# EOS Utility help?



## TheKenTurner (Sep 7, 2012)

hey guys! Long time, no see... Just been browsing lately. But anyway, I just recently bought a Lenovo Y48-0 with an i7-3610QM, 640M LE graphics, 8GB RAM, and 64 bit Windows 7. EOS Utility was very choppy on my old laptop which barely even had a graphics card, but it's JUST AS CHOPPY with my new laptop! Have you guys noticed any choppyness with EOS utility?

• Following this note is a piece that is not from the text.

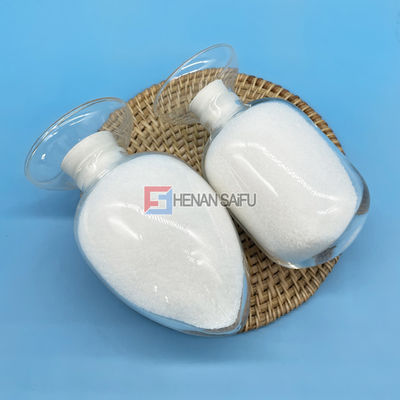 Anionic CPAM Polyacrylamide Powder White สำหรับบำบัดน้ำเสีย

What have you done to make it smoother?


----------



## pgriz (Sep 7, 2012)

What do you mean by choppy?  I've used the EOS utility on a variety of machines (both desktops and laptops with processors ranging from i3 to i7) and have had no problems.


----------



## TheKenTurner (Sep 7, 2012)

Choppy as in ~1second lag, and only a couple FPS


----------



## pgriz (Sep 8, 2012)

Ok, I'm confused.  The EOS utility I have has two main functions - download from camera, and display of image when tethered to the camera.  The download function does its thing in the background, so that doesn't seem to describe your situation, and the tethered image is smooth, even if you move stuff in front of the camera lens.  Maybe if you could describe how you are using it and what you are doing with it to get the "choppiness", it might shed some light onto what is going on.


----------



## table1349 (Sep 8, 2012)

Have you R.T.F.M.? Download it here. http://gdlp01.c-wss.com/gds/8/0300003178/01/eu2.8-w-en.pdf
The EOS Utility is not a viewer, it is for controlling various Canon cameras, remote shooting and downloading stored media.  
You can download the Zoom Browser EX Manual Here.  http://gdlp01.c-wss.com/gds/6/0300004726/01/zb67-w-en.pdf   Zoom Browser plays videos and the manual explains how to do so. 
D.P.P. does not handle video files to my knowledge.


----------